1. Joint Adversarial Learning for Domain Adaptation in Semantic Segmentation
Abstract: Unsupervised domain adaptation in semantic segmentation is to exploit the pixel-level annotated samples in the source domain to aid the segmentation of unlabeled samples in the target domain. For such a task, the key point is to learn domain-invariant representations and adversarial learning is usually used, in which the discriminator is to distinguish which domain the input comes from, and the segmentation model targets to deceive the domain discriminator. In this work, we first propose a novel joint adversarial learning (JAL) to boost the domain discriminator in output space by introducing the information of domain discriminator from low-level features. Consequently, the training of the high-level decoder would be enhanced. Then we propose a weight transfer module (WTM) to alleviate the inherent bias of the trained decoder towards source domain. Specifically, WTM changes the original decoder into a new decoder, which is learned only under the supervision of adversarial loss and thus mainly focuses on reducing domain divergence. The extensive experiments on two widely used benchmarks show that our method can bring considerable performance improvement over different baseline methods, which well demonstrates the effectiveness of our method in the output space adaptation.

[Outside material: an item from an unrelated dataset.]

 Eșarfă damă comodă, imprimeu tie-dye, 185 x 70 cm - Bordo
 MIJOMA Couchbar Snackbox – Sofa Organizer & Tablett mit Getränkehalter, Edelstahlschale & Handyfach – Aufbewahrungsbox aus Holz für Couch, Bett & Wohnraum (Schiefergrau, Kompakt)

2. Progressive Boundary Refinement Network for Temporal Action Detection
Abstract: Temporal action detection is a challenging task due to vagueness of action boundaries. To tackle this issue, we propose an end-to-end progressive boundary refinement network (PBRNet) in this paper. PBRNet belongs to the family of one-stage detectors and is equipped with three cascaded detection modules for localizing action boundary more and more precisely. Specifically, PBRNet mainly consists of coarse pyramidal detection, refined pyramidal detection, and fine-grained detection. The first two modules build two feature pyramids to perform the anchor-based detection, and the third one explores the frame-level features to refine the boundaries of each action instance. In the fined-grained detection module, three frame-level classification branches are proposed to augment the frame-level features and update the confidence scores of action instances. Evidently, PBRNet integrates the anchor-based and frame-level methods. We experimentally evaluate the proposed PBRNet and comprehensively investigate the effect of the main components. The results show PBRNet achieves the state-of-the-art detection performances on two popular benchmarks: THUMOS’14 and ActivityNet, and meanwhile possesses a high inference speed.